You observe outcomes of fair six-sided die rolls (faces 1–6) and may stop after any roll to take the shown value in dollars. If you have not stopped before the final allowed roll, you must take the last roll’s value. Use backward induction to find the optimal policy and expected payoff for each game.

Assumptions:

• The die is fair (each face has probability 1/6).
• You observe each roll before deciding whether to stop.
• Where a fee applies, it is paid immediately before taking the next roll (only if you choose to continue).

Game A (no costs)

• Up to three rolls; no fees to continue.
• Find the optimal stopping rule at each roll and the exact expected payoff.

Game B (optional continuation cost)

• Up to three rolls; if you choose to continue after roll 1 or roll 2, you must pay $1 before the next roll (each continuation costs$ 1).
• Find the optimal stopping thresholds (by face value) and the exact expected payoff.

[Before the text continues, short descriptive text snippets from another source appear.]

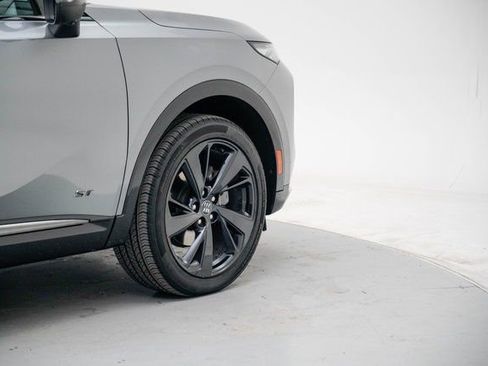 Used 2025 Buick Envision Sport Touring image 7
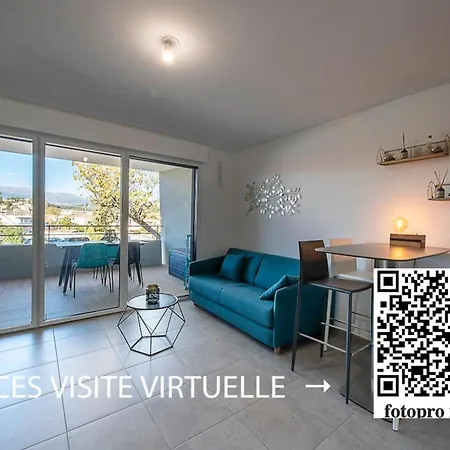 Appartement 06g - Family Cocoon - Rooftop Pool - Car Park *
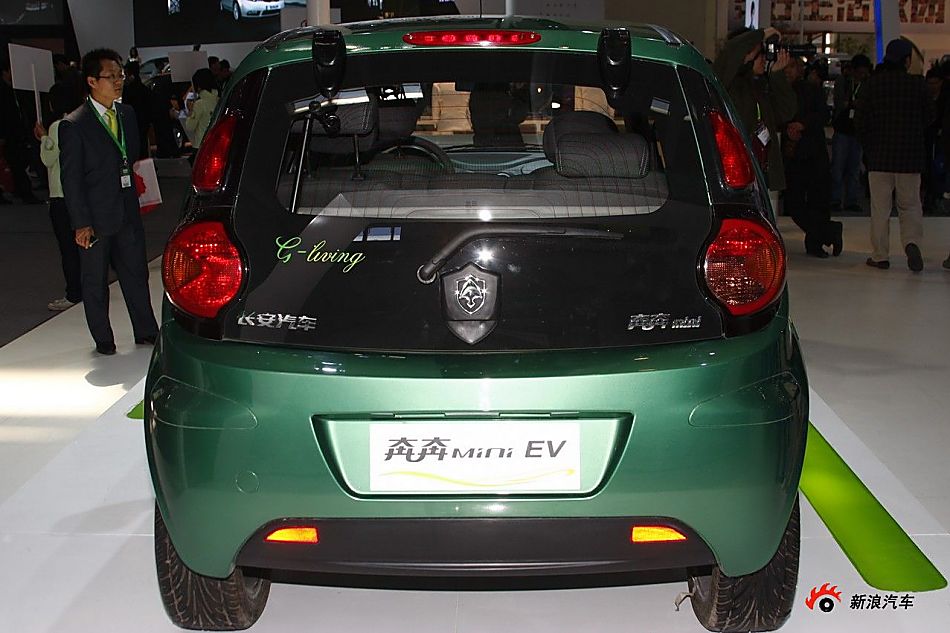 长安奔奔mini EV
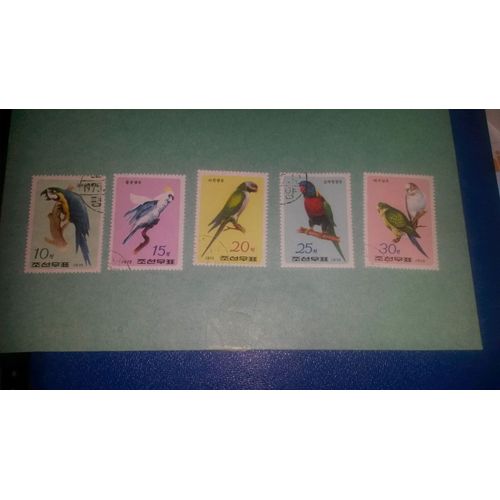 Joli Lot N ° 1 De 5 Timbres Perruches Et Perroquets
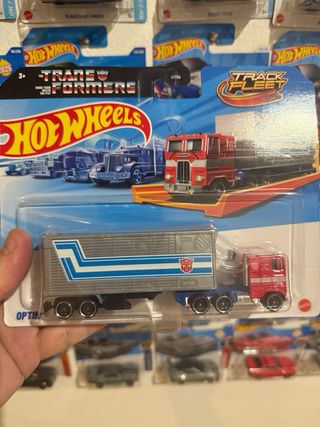 Hot Wheels Transformers Optimus Prime Camión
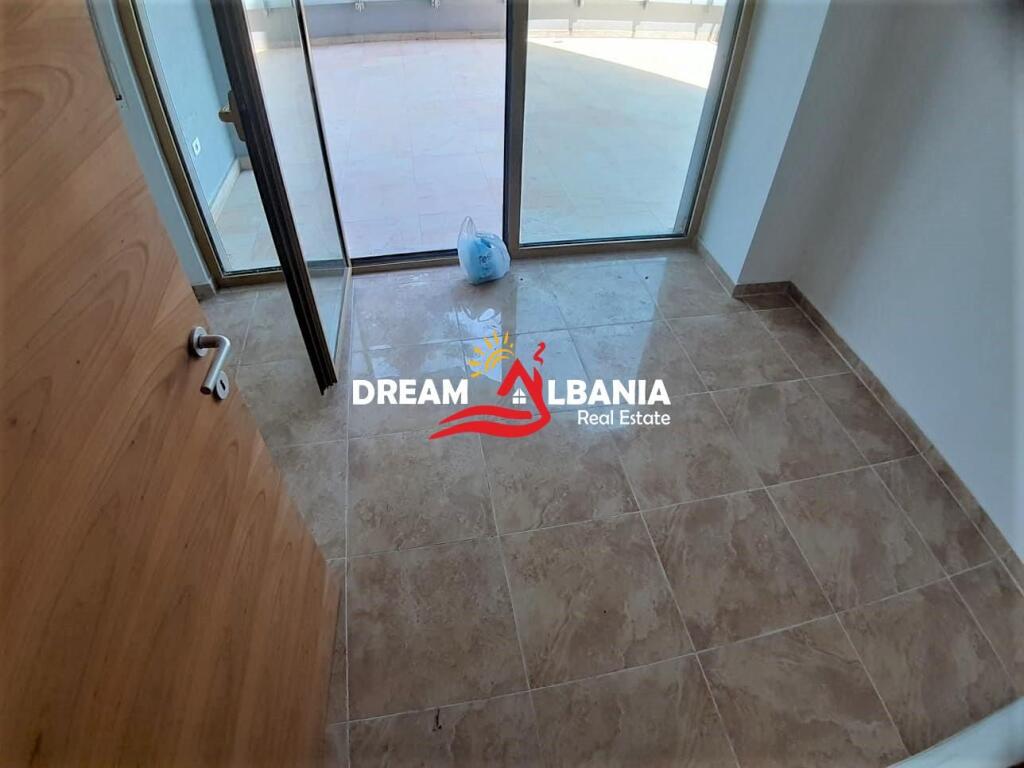 Ufficio in affitto a Bllok vicino a Sky Tower a Tirana (ID 4261775)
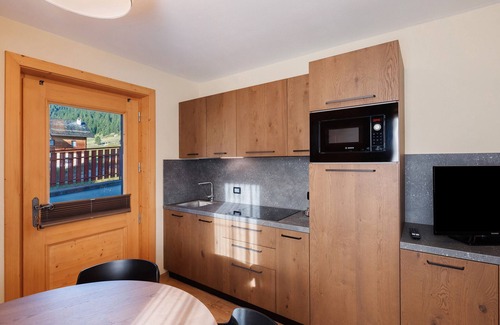 San Rocco Apartment | Apartment 'Monte Vago' with Mountain View, Shared Garden and Wi-Fi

Game C (per-roll access fee)

• Up to three rolls; the second and third rolls each require paying $1 to roll (i.e., if you continue from roll 1 you pay$ 1 to access roll 2, and if you continue from roll 2 you pay $1 to access roll 3).
• Find the optimal policy and expected payoff.

Bonus (generalization)

• Generalize Game B to an n-sided die with faces {1, 2, …, n} and a continuation cost c each time you choose to roll again (up to three rolls total). Derive the stopping thresholds at roll 1 and roll 2 as functions of n and c.